Opinion
Case No. C07-5281RJB.
October 4, 2007
REPORT AND RECOMMENDATION
This 42 U.S.C. § 1983 Civil Rights action has been referred to the undersigned Magistrate Judge pursuant to Title 28 U.S.C. §§ 636(b)(1)(A) and 636(b)(1)(B) and Local Magistrates' Rules MJR 1, MJR 3, and MJR 4. Before the court are defendant's motion to dismiss (Dkt. # 22), and plaintiff's motion for injunctive relief and damages (Dkt. # 23). Both motions are noted for September 28, 2007. Defendants have responded to plaintiff's motion for injunctive relief and damages (Dkt. # 28). Plaintiff did not respond to defendant's motion and instead filed several motions including a motion for extension of time to file a response. The motion for an extension of time to file a response has been denied.

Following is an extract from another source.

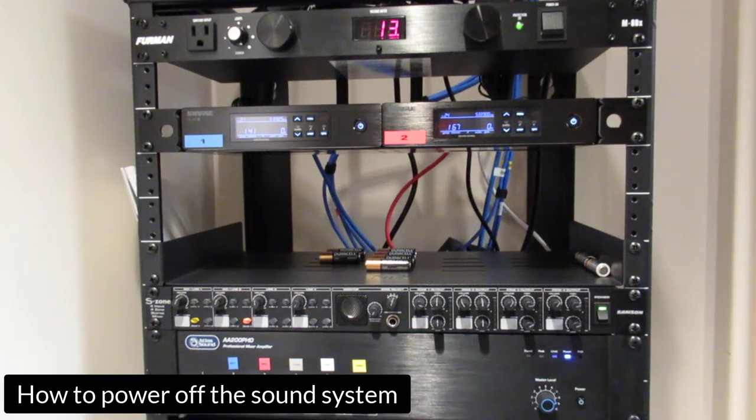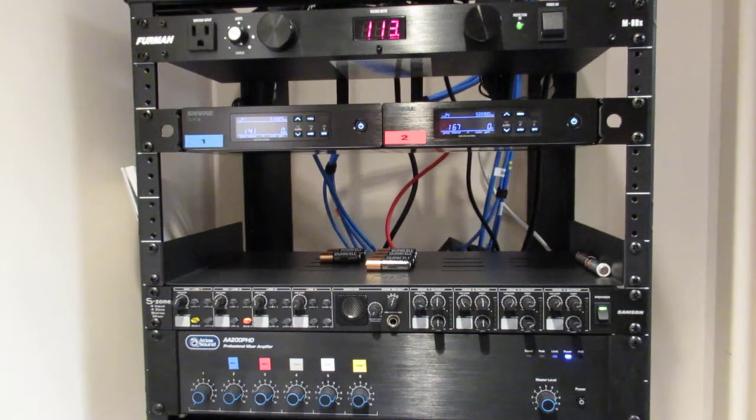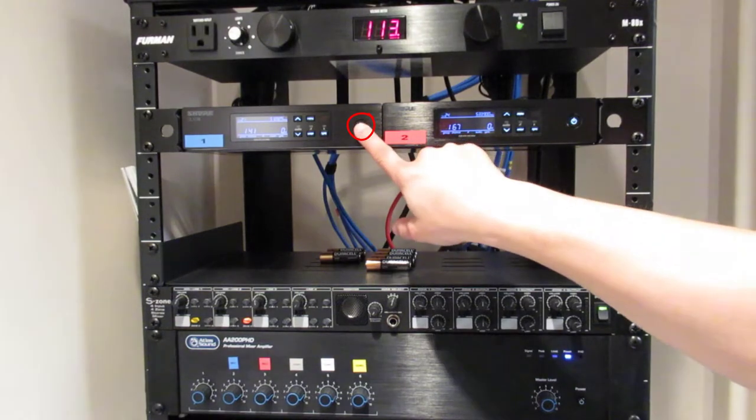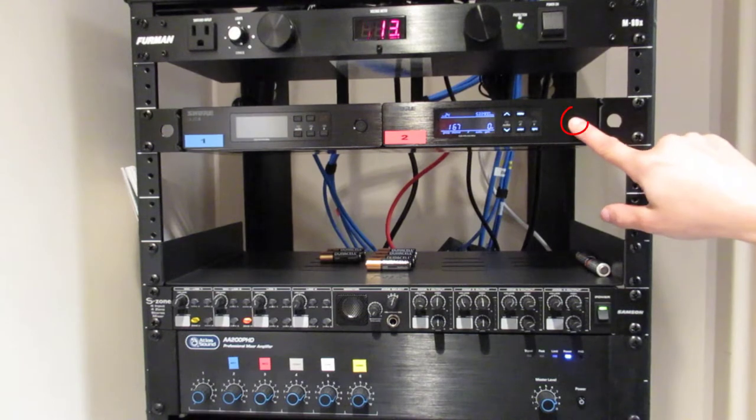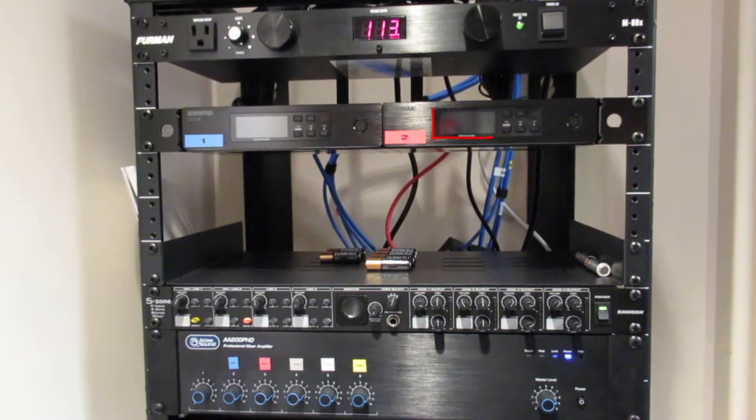First, power off the first Shure wireless microphone transmitter by pressing and holding the power button until all of the on-screen lights disappear. Power off the second Shure wireless microphone transmitter by pressing and holding the power button until all of the on-screen lights disappear.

This matter is now ripe for review.
FACTS
Plaintiff alleges Custody Unit Supervisor (CUS) Golla, Classification Counselor Stricker, and Correctional Officer Gray of the Larch Corrections Center attempted to coerce the plaintiff into becoming an informant between January and April of 2007, (Dkt. # 25, proposed amended complaint). Plaintiff alleges that in March of 2007 a locker search disclosed legal material belonging to other inmates and he was verbally warned by CUS Golla not to do legal work for others (Dkt. # 25, proposed amended complaint).
Plaintiff alleges that in April of 2007, "unnamed" staff persons began spreading rumors that plaintiff was a "snitch" and a "rapist." He alleges that he reported his concerns and fears to defendants but they took no action to protect him. Plaintiff alleges that in April of 2007, defendants Stricker and Golla avoided him (Dkt. # 25, proposed amended complaint).

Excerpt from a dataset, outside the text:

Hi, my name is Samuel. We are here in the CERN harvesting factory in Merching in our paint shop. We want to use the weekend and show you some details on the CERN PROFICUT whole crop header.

Plaintiff alleges that in May of 2007, Correctional Officer Gray informed him "they" know your trying to start some legal process "saying we forced you to be an informant." Plaintiff further alleges he was told by Correctional Officer Gray it was best if he just lay low (Dkt # 25, proposed amended complaint).

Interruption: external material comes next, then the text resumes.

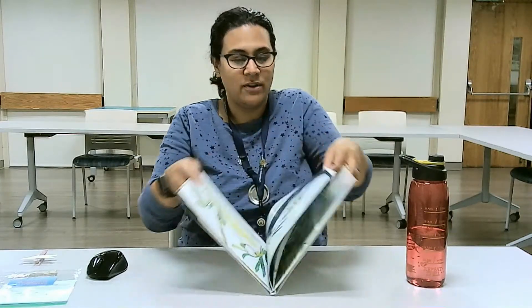Hello everyone, Ms. Justine here with the Lindenhurst Memorial Library. Welcome to another Take and Make Craft. Today is the Dragonfly Clothespins, but before I show you how to create your Dragonfly Clothespin, I wanted to read you a little story called Soar High Dragonfly. It's written by Sherry Marble Bestory and illustrated by Johnny Lambert, published by Sleeping Bear Press. I wanted to thank the publisher for allowing us to read their story during our story time.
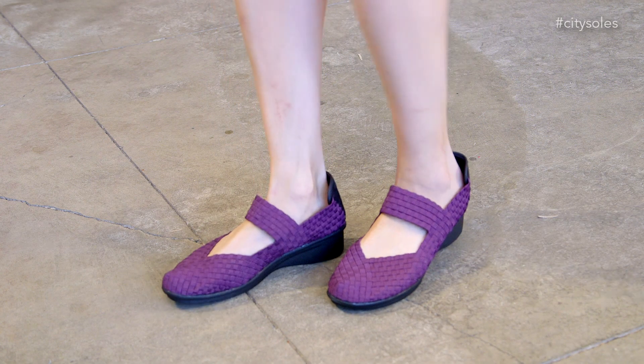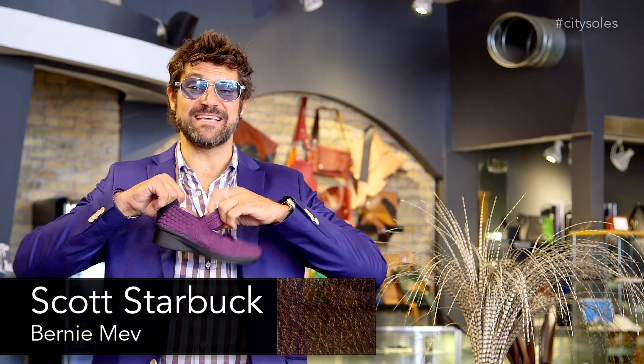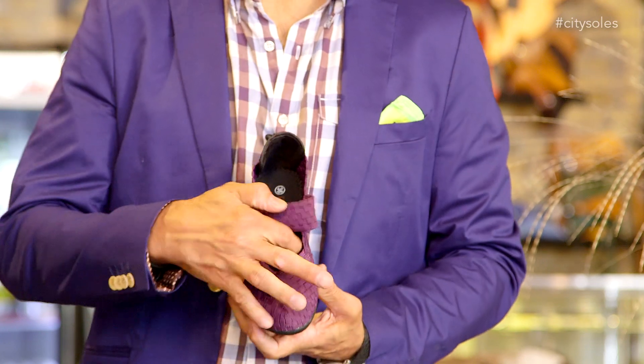This is the Bernie Mev Charm Yael — a great little Mary Jane wedge with a super elastic. He's the king of elastic right now. They're super stretchy, super comfortable. They'll fit any instep, any toe, and they're fun, comfortable, all day long, lightweight.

In the original and amended complaint plaintiff admits the Larch Corrections Center has a grievance program and that he did not file a grievance regarding the claims he raises in his complaints. Plaintiff states, "[t]his is not a grievable issue that could be resolved at the institutional level due to staff corruption." (Dkt. # 4 and 25, page 2). Further, plaintiff does not allege any physical injury in either his complaint or his amended complaint.
STANDARD OF REVIEW
A court should dismiss a claim under Fed.R.Civ.P. 12(b)(6) if it appears beyond doubt that the plaintiff can prove no set of facts to support the claim that would entitle the plaintiff to relief. Keniston v. Roberts, 717 F.2d 1295, 1300 (9th Cir. 1983),citing; Conley v. Gibson, 355 U.S. 41, 45-56 (1957). Dismissal for failure to state a claim may be based on either the lack of a cognizable legal theory or the absence of sufficient facts alleged under a cognizable legal theory. Balistreri v. Pacifica Police Department, 901 F.2d 696, 699 (9th Cir. 1990). Material allegations are taken as admitted and the complaint is construed in the plaintiff's favor. Keniston v. Roberts, 717 F.2d 1295 (9th Cir. 1983).
DISCUSSION
1. Defendant's motion to dismiss.
A. Failure to exhaust administrative remedies.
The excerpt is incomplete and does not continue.